Dataset entries
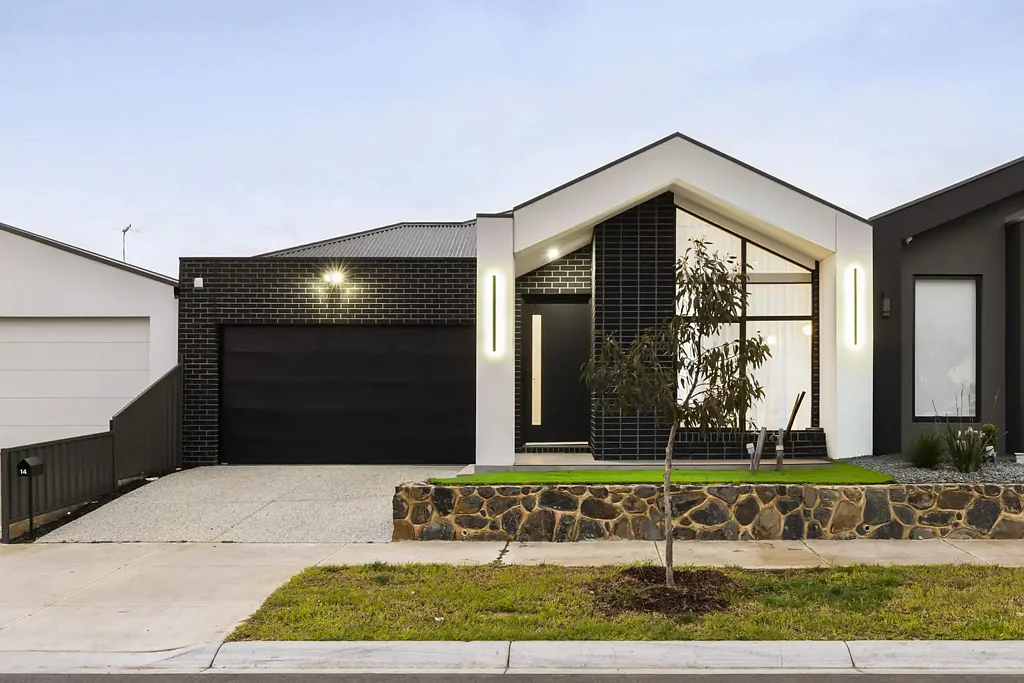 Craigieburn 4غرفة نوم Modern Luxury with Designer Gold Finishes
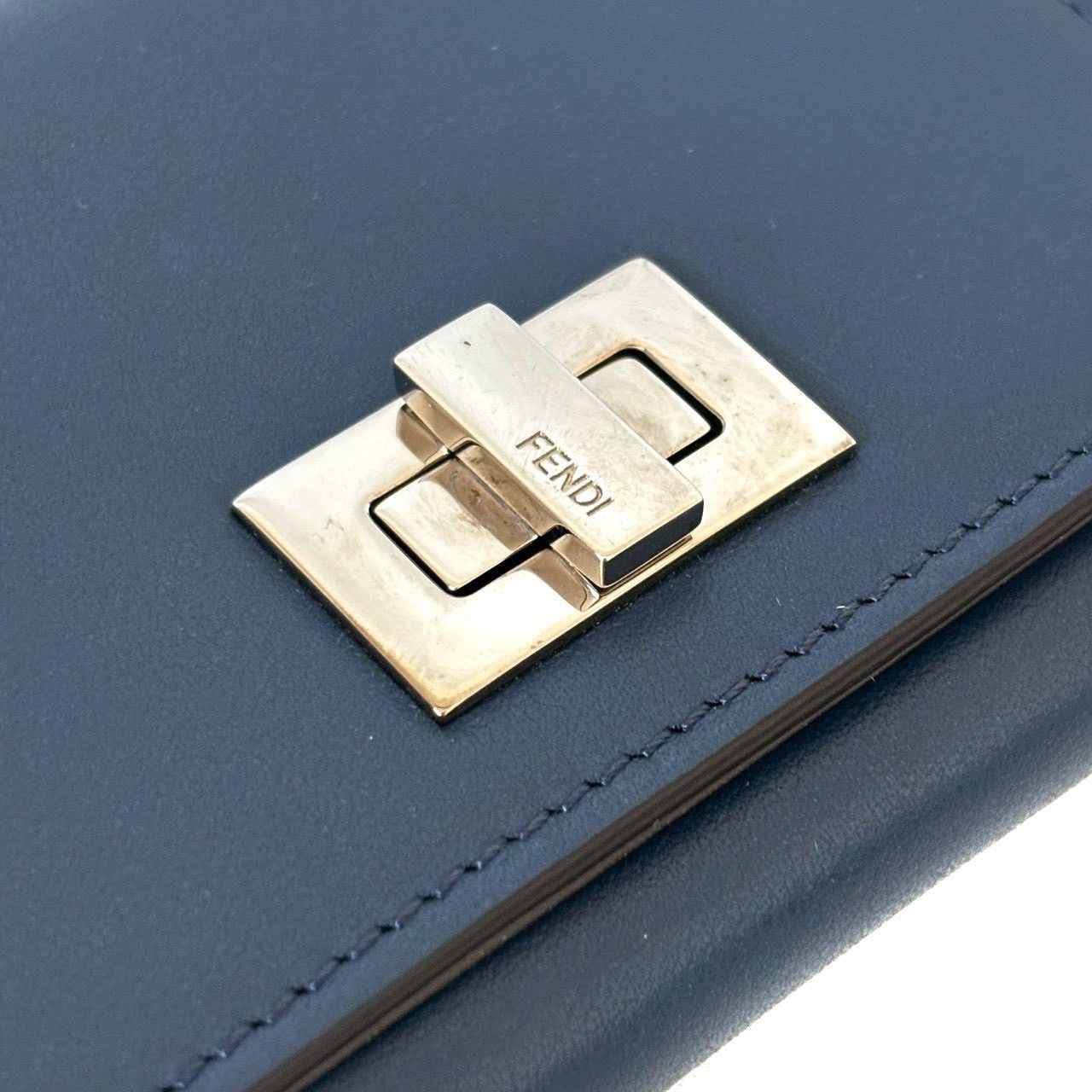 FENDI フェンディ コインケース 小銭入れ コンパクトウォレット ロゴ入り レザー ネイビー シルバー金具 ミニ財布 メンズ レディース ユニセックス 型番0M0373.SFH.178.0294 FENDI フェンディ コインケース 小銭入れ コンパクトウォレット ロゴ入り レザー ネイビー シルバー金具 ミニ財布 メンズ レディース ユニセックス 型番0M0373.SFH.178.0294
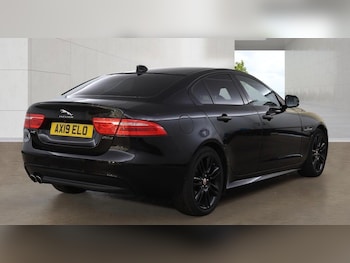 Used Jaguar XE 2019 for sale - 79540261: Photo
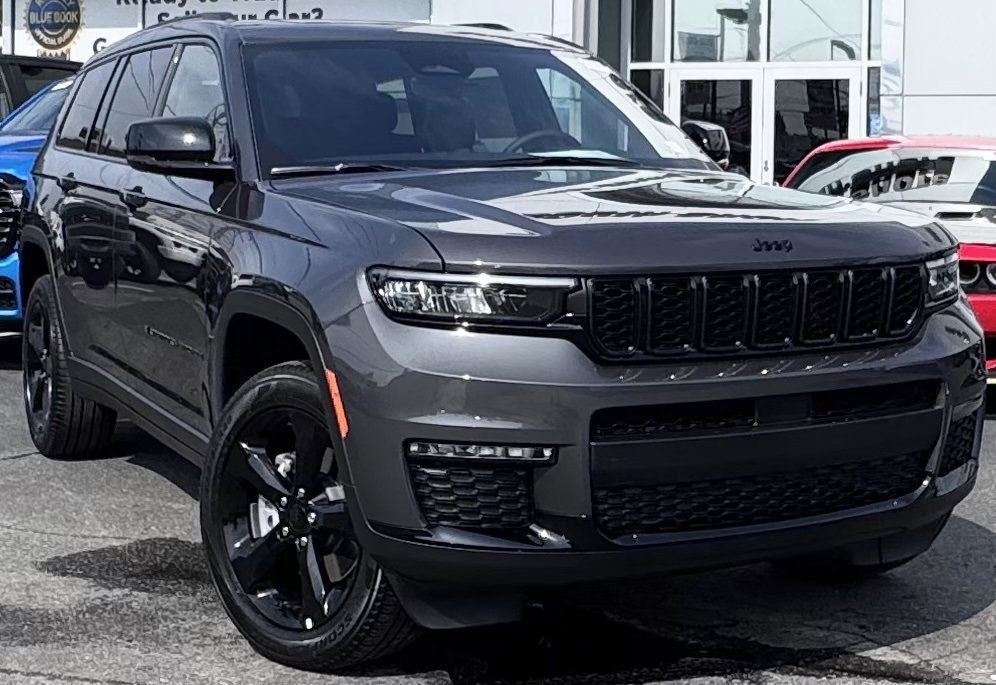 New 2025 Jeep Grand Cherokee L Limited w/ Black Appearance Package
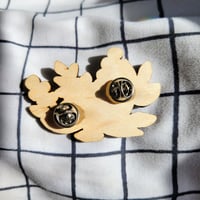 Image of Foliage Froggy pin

*What the exercise asks*.
Reproduce the complete set of records verbatim and omit the pictures.

*Written response*.
 Craigieburn 4غرفة نوم Modern Luxury with Designer Gold Finishes
 FENDI フェンディ コインケース 小銭入れ コンパクトウォレット ロゴ入り レザー ネイビー シルバー金具 ミニ財布 メンズ レディース ユニセックス 型番0M0373.SFH.178.0294 FENDI フェンディ コインケース 小銭入れ コンパクトウォレット ロゴ入り レザー ネイビー シルバー金具 ミニ財布 メンズ レディース ユニセックス 型番0M0373.SFH.178.0294
 Used Jaguar XE 2019 for sale - 79540261: Photo
 New 2025 Jeep Grand Cherokee L Limited w/ Black Appearance Package
 Image of Foliage Froggy pin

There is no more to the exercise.